*WHAT TO WORK ON*:
Omit all pictures. Copy exactly the lines from the line containing "Obraz premium Cutting" to the end of the listing, with both ends included.

*MATERIAL PROVIDED*:
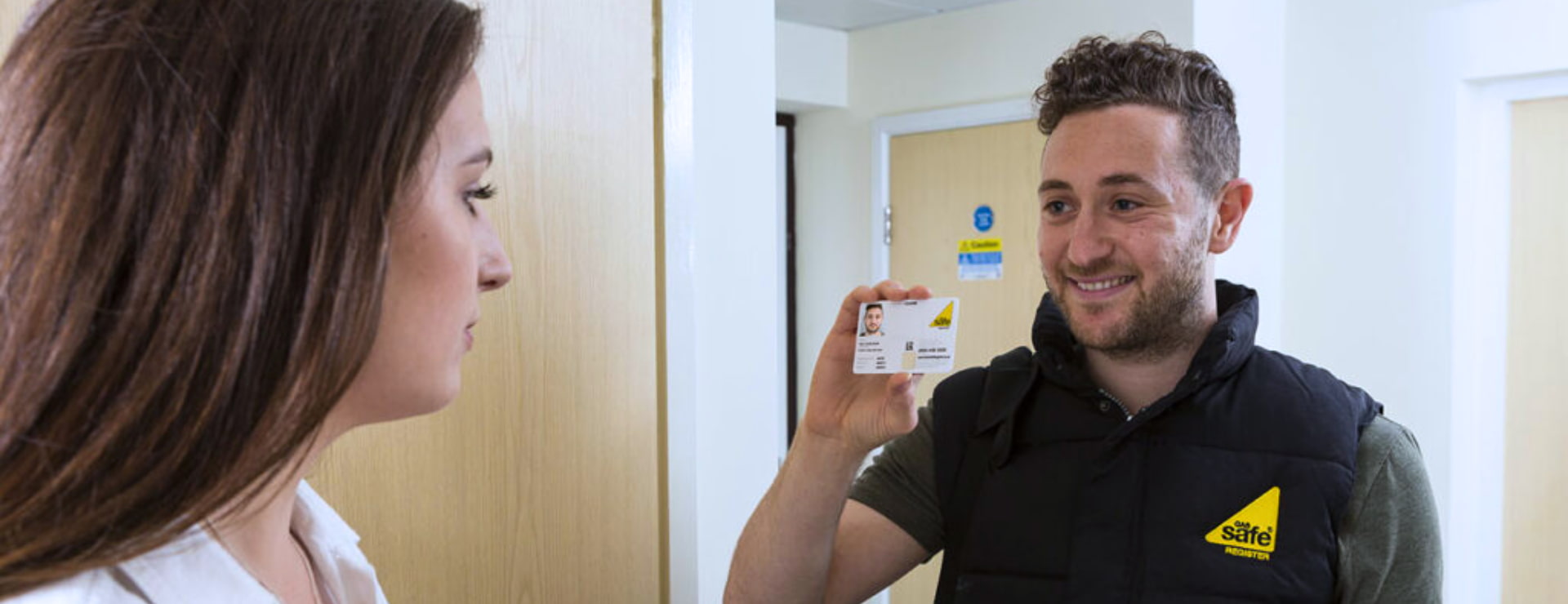 Gas engineer showing Gas Safe ID card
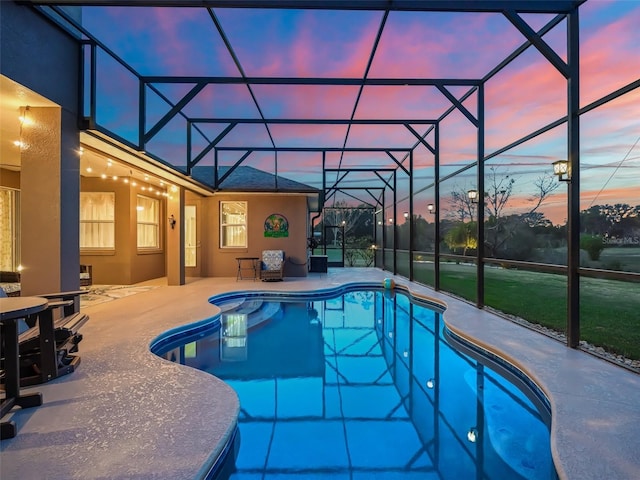 pool at dusk featuring a patio area and a lanai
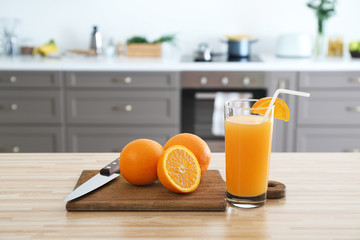 Obraz premium Cutting board with fresh oranges and juice in glass on table in kitchen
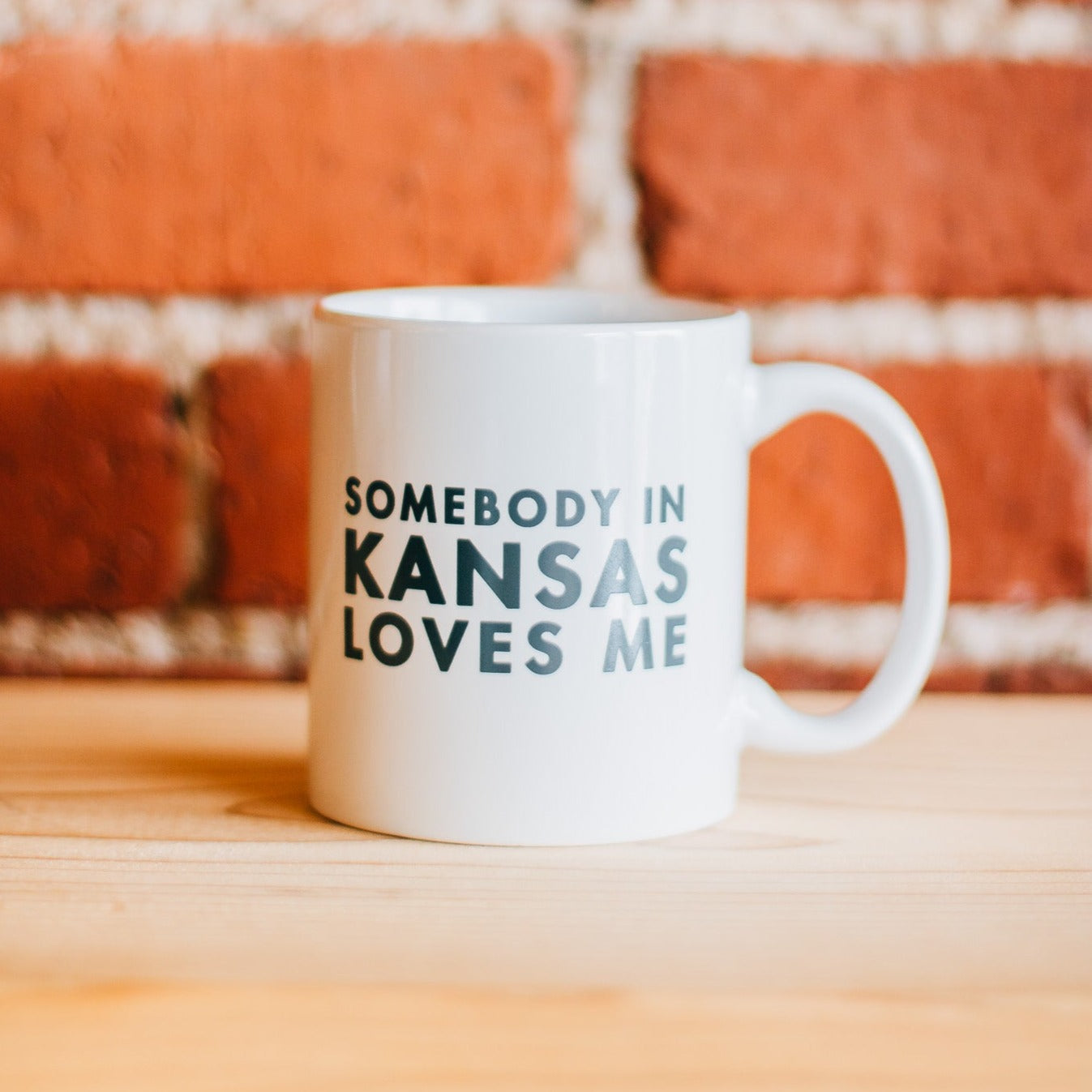 Somebody in Kansas Love Me Ceramic Mug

*RESULT FOR THIS TASK*:
 Obraz premium Cutting board with fresh oranges and juice in glass on table in kitchen
 Somebody in Kansas Love Me Ceramic Mug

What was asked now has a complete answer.